* _Your objective_:
Quote all lines below exactly. Images stay out.

(Records from a collection)
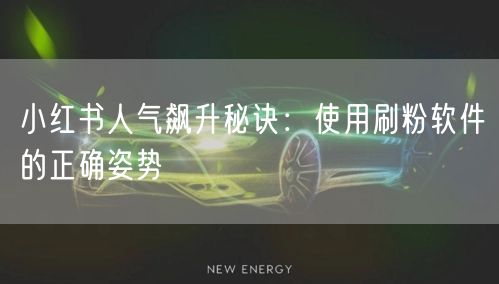 小红书人气飙升秘诀：使用刷粉软件的正确姿势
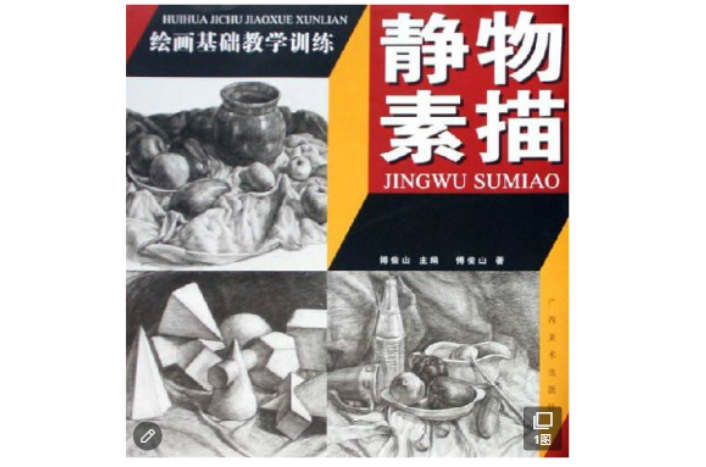 绘画基础教学训练：静物素描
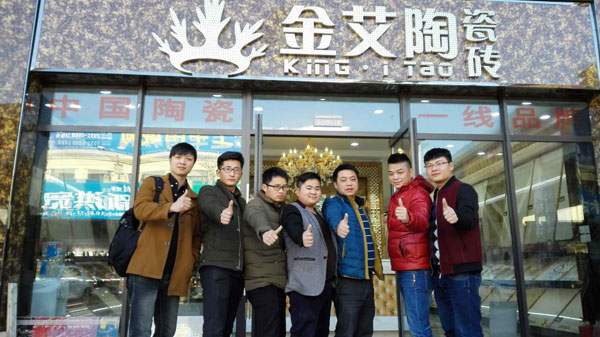 立博ladbrokes瓷砖品牌终端动态,终端活动动态,终端促销动态,终端店面动态 第9页_护眼防滑砖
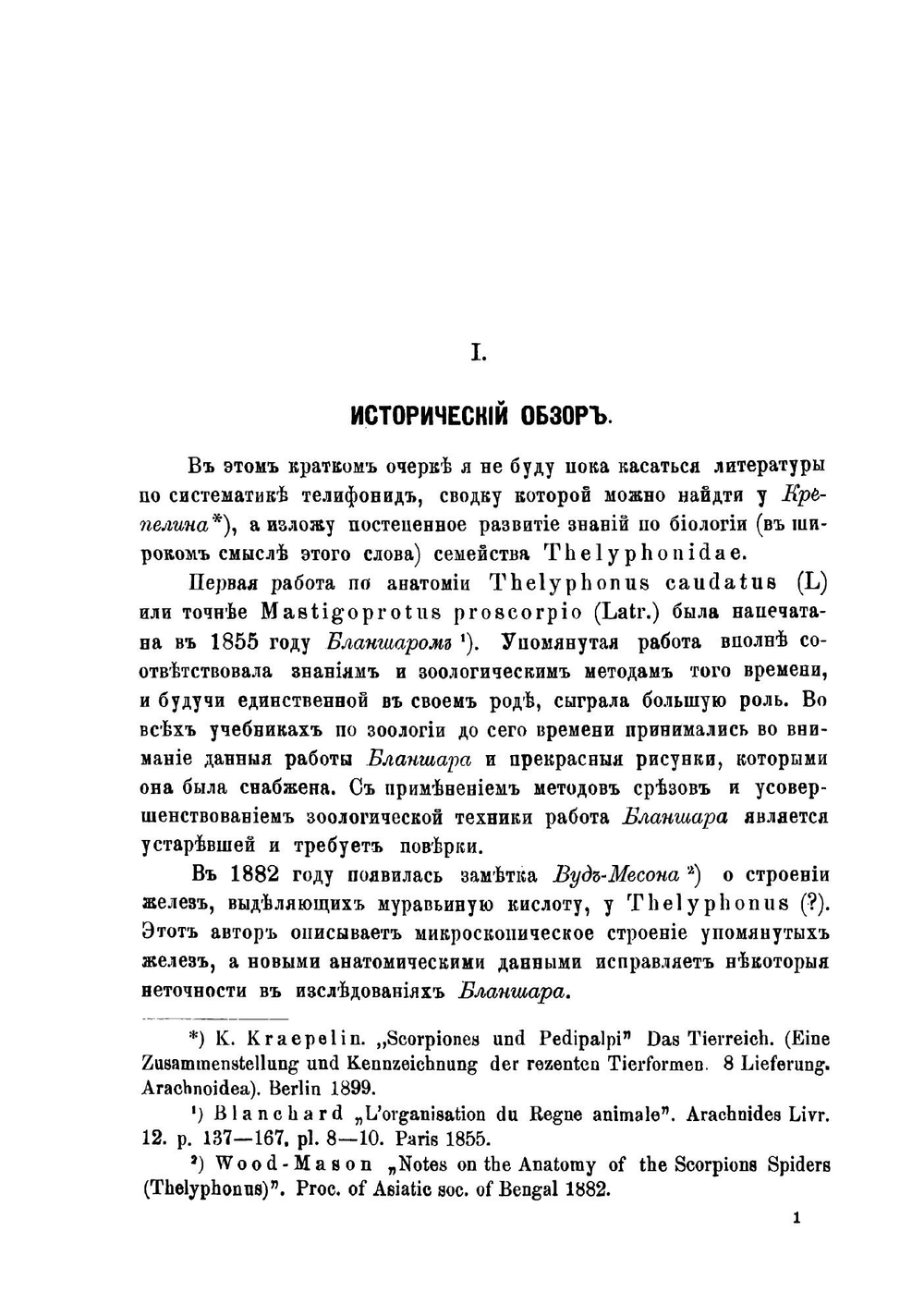 Анатомия телифона Thelyphonus caudatus (L.) | Тарнани Иван Константинович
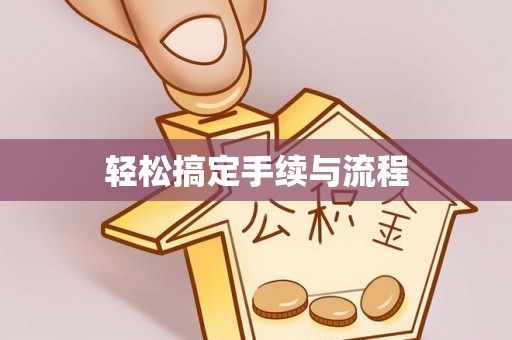 岳池轻松搞定手续与流程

* _Answer to the problem_:
 小红书人气飙升秘诀：使用刷粉软件的正确姿势
 绘画基础教学训练：静物素描
 立博ladbrokes瓷砖品牌终端动态,终端活动动态,终端促销动态,终端店面动态 第9页_护眼防滑砖
 Анатомия телифона Thelyphonus caudatus (L.) | Тарнани Иван Константинович
 岳池轻松搞定手续与流程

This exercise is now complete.